In order to identify the key contacts defining each metastable state, here we develop a Bayes factor method to calculate the importance of an interresidue contact in a particular state. Consider two sets of interesidue contacts {c_ij} and {c_ij}*. The variables c_ij are contact indicator variables, such that c_ij = 1 if a contact is present between residues i and j, and t c_ij = 0 otherwise. We define the Bayes factor BF to be the ratio of probabilities that the structure is in state k given the set of contacts {c_ij} versus the set of contacts {c_ij}*.

$$\text{BF}=\frac{P\left(k|\left\{c_{ij}\right\}\right)}{P\left(k|{\left\{c_{ij}\right\}}^{*}\right)}$$ (8)

Suppose the two sets of contacts only differ by a single contact, c_mn, that is formed in the first set of contacts, and not formed in the second set.

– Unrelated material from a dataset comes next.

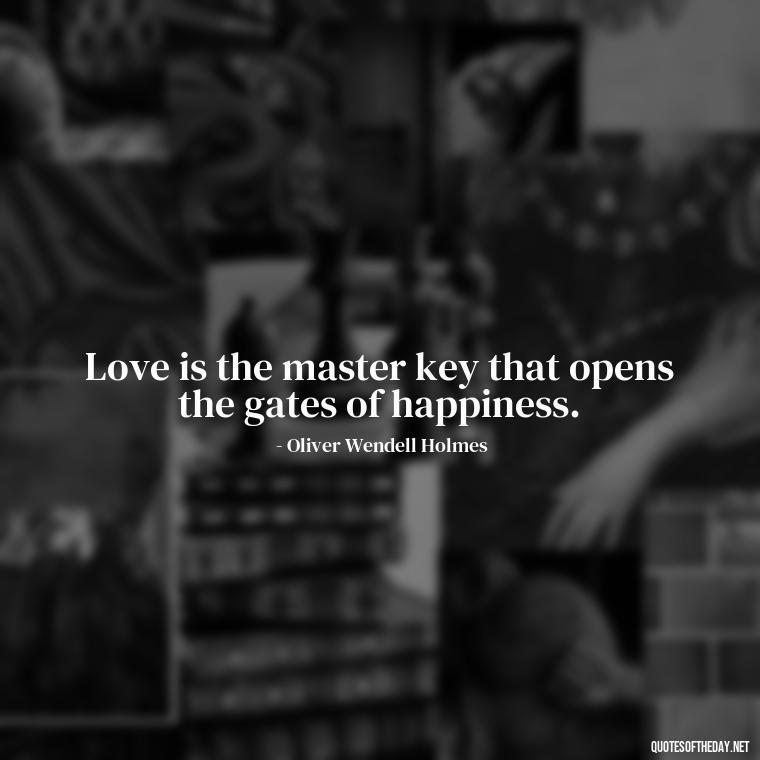 Love is the master key that opens the gates of happiness. - Love And Selfishness Quotes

If we assume that each contact is statistically independent, such that $P\left(k|\left\{c_{ij}\right\}\right)={\prod }_{ij}P\left(k|c_{ij}\right)$, then cancellation of terms and application of Bayes’ Theorem results in:

$${\text{BF}}_k\left(c_{mn}\right)=\frac{P\left(k|c_{mn}=1\right)}{P\left(k|c_{mn}=0\right)}=\frac{P\left(c_{mn}=1|k\right)P\left(c_{mn}=0\right)}{P\left(c_{mn}=0|k\right)P\left(c_{mn}=1\right)}$$ (9)

This final form of the Bayes factor (Eq. 9) can be thought as the statistical over-representation of contact c_mn in state k, and hence a measure of its importance in uniquely defining the structural features of that state. (Of course, we note that the Bayes Factor formula presented here can apply to any other structural feature as well; here we consider only inter-residue contacts.)

To compute Bayes factors in practice, we estimate probabilities from the frequencies of contacts N observed in the simulation trajectory data, using $P\left(c_{mn}=1|k\right)=\frac{N\left(c_{mn}=0|k\right)}{N_{total}}$, $P\left(c_{mn}=1\right)=\frac{N\left(c_{mn}=1\right)}{N_{total}}$, and setting $P\left(c_{mn}=0|k\right)=1-P\left(c_{mn}=1|k\right)$, $P\left(c_{mn}=0\right)=1-P\left(c_{mn}=1\right)$. In order to avoid a zero-valued denominator in the Bayes factors, unobserved contacts are given a single pseudocount, N (c_im = 1|k) = 1. Since N_total is a very large number, this approximation does not affect the results. In our analysis below, we compute Bayes factors for contacts separated by three or more residues, |i − j| ≥ 3, and define a contact formed if the any pair of non-hydrogen atoms between two residues are closer than 4 Å.

Results

Simulation data sets

Extensive all-atom MD simulations were performed as described in Methods. Before building MSMs, we first discarded some short trajectories shorter than 10 ns. The total simulation time for each sequence used for building MSMs is around 130 µs. In the following sections, we refer to the combined data set of all sequences as the “combined” data set, and data sets containing only one sequence as “individual” data sets.

Construction of optimal Markov State Models

We tested the performance of two different clustering algorithms, k-means and k-centers, used with three different distance metrics: rmsd, dihedral-angle rmsd, and tICA distance. First, we tried to build a series of MSMs using the combined simulation data from all eight different sequences. We varied the number of tICA components, the lag time used to build the MSMs, the cluster method, and the number of microstates of the MSM. For each model, 8-fold cross-validation was used to calculate the GMRQ scores, leaving out the data of each sequence for test data to compute the GMRQ score, and using the remaining data to train the model. To avoid memory overflow from clustering such a large data set, we use one hundredth of the data for clustering, and assigned the rest of the data using the generated cluster centers.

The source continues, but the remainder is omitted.